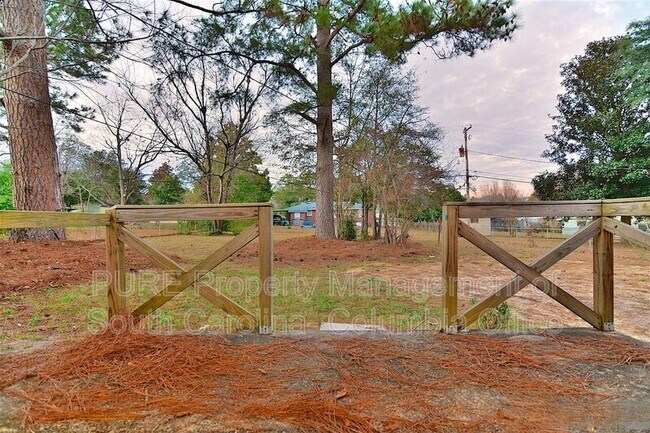 Foto del edificio - 2127 Tuxedo Rd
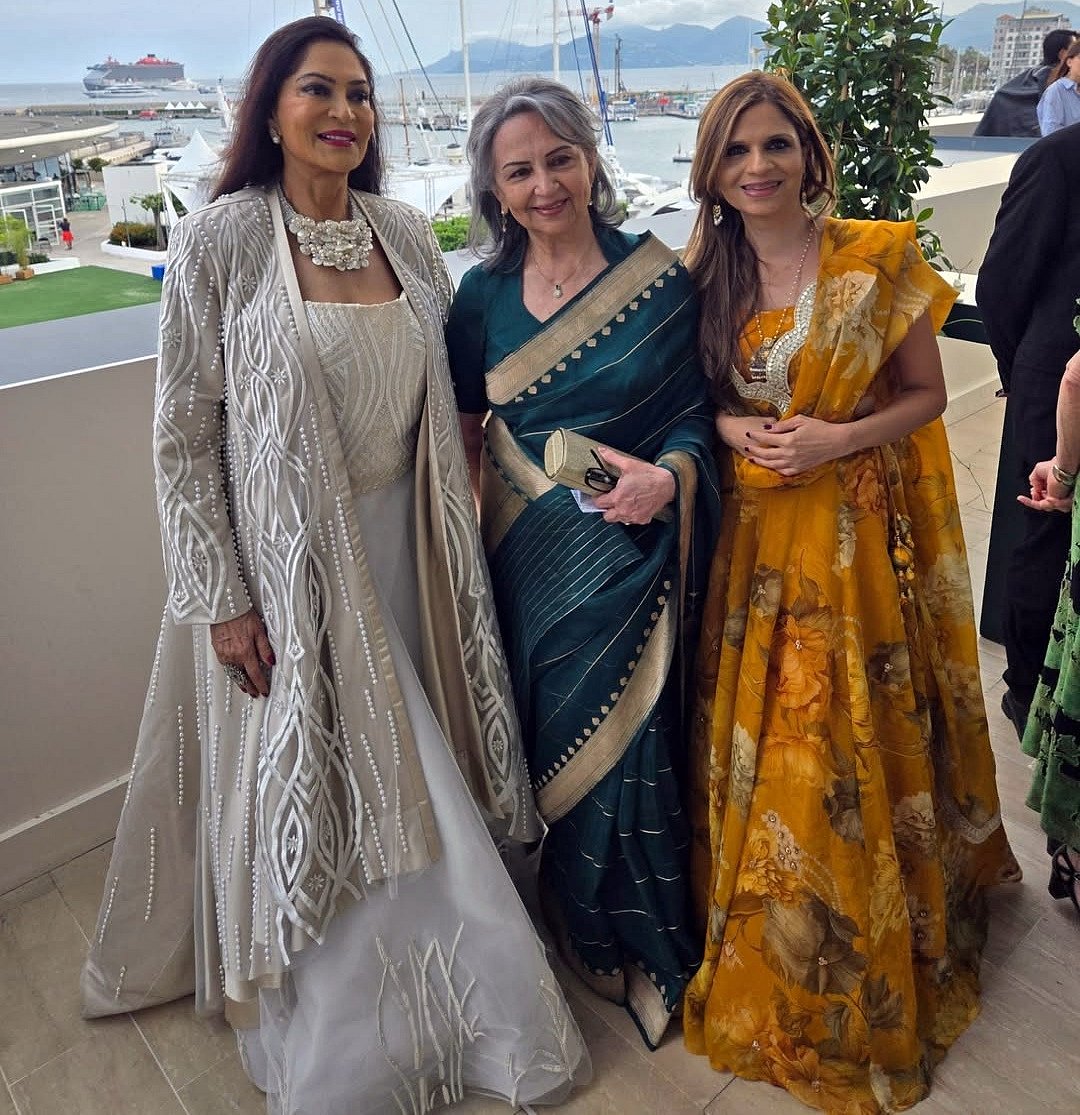 सिनेजीवन: बोनी कपूर ने शेयर की मां की दिल छू लेने वाली तस्वीर और काजोल ने आदित्य को अनोखे अंदाज में दी जन्मदिन की बधाई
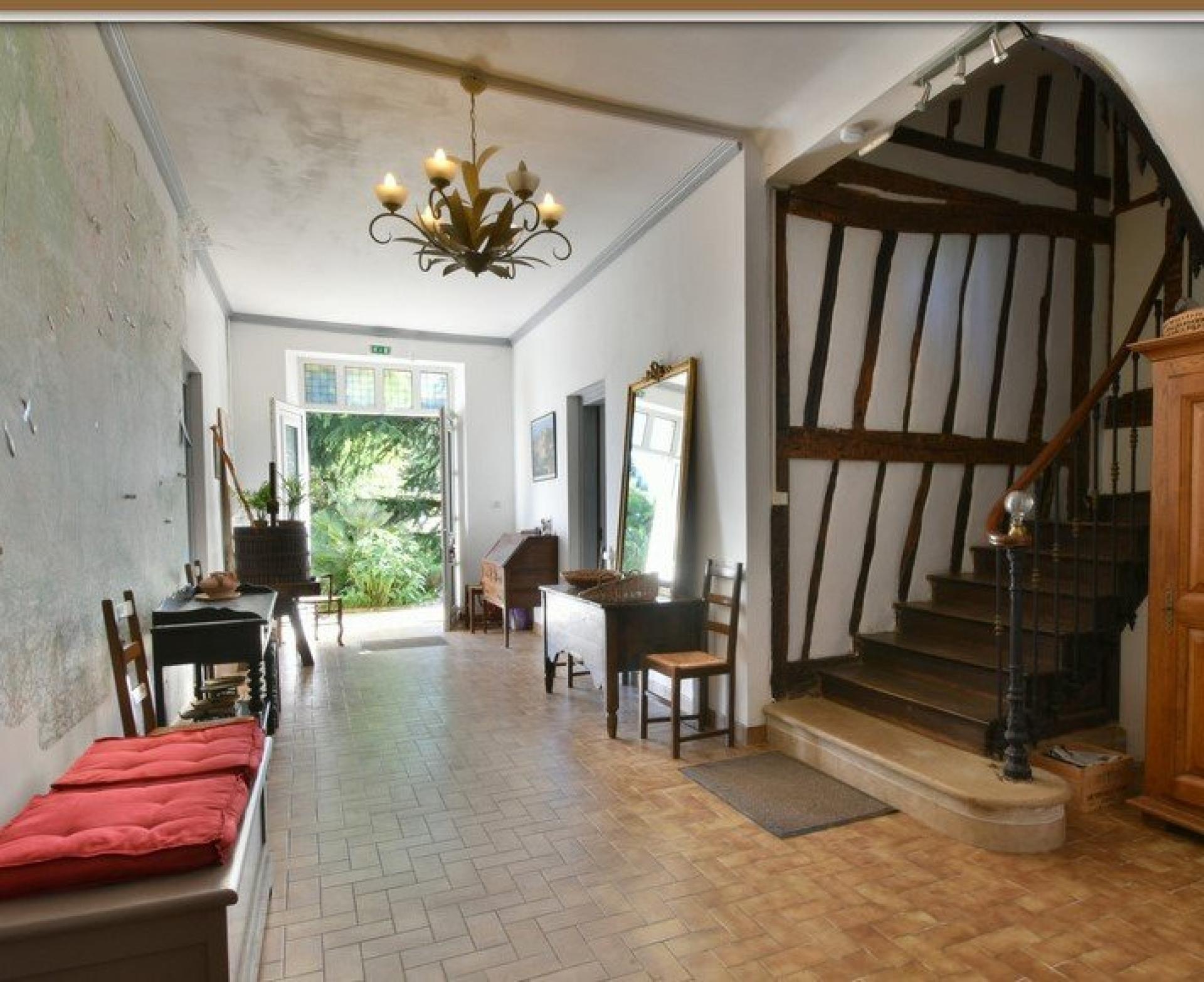 Photo 4 of the listing.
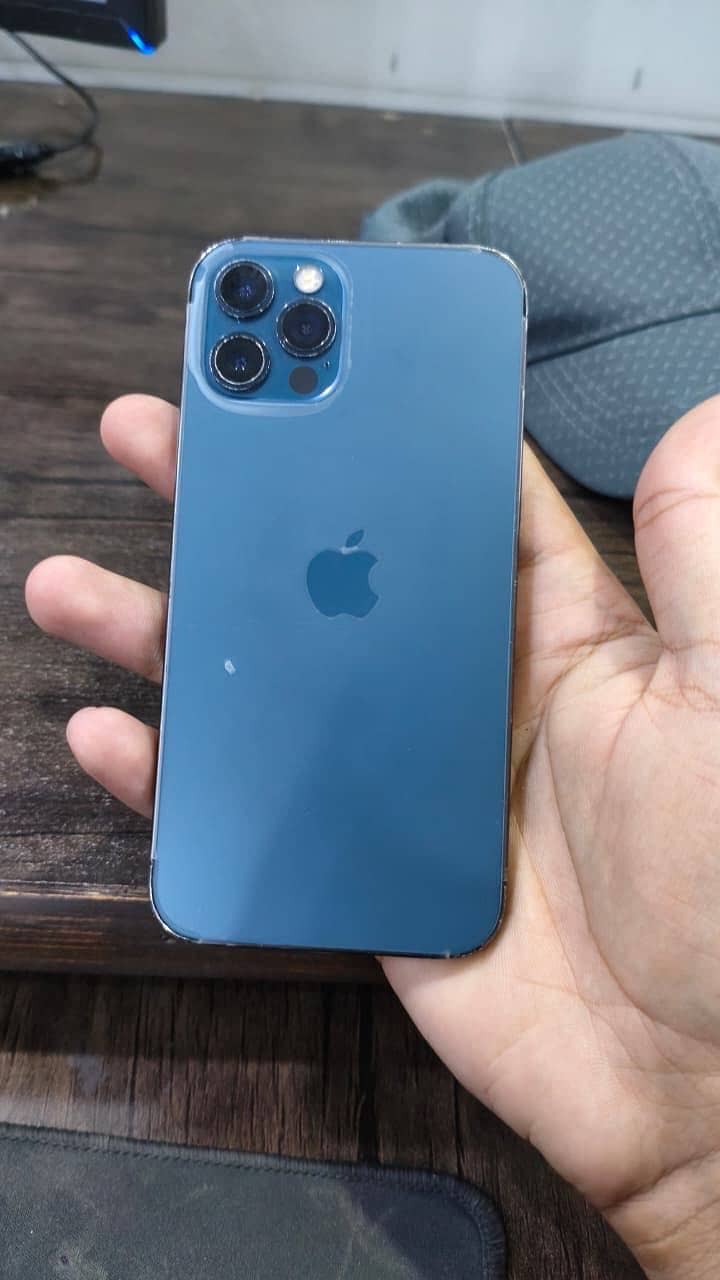 Apple iPhone 12 Pro 3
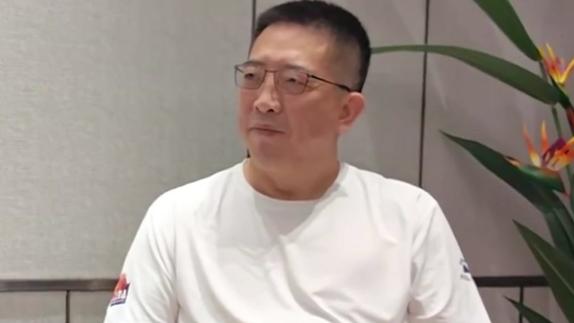 胡卫东：我打球近视确实看不清篮筐 模糊有重影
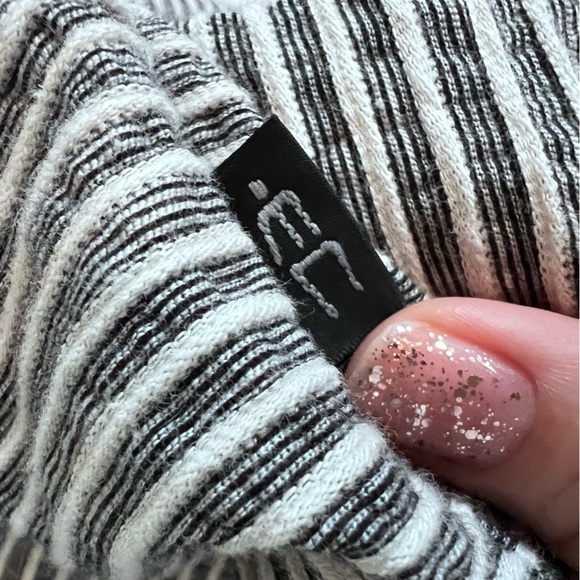 EUC Elemente Clemente Quiet Luxury Striped Tapered
Dolman Top size Small - Picture 5 of 9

> [The task] Begin at the line that contains "EUC Elemente Clemente" and transcribe exactly, and only, each line through the final line of the data above, both included; the pictures do not go in.

> [Result for this task]
 EUC Elemente Clemente Quiet Luxury Striped Tapered
Dolman Top size Small - Picture 5 of 9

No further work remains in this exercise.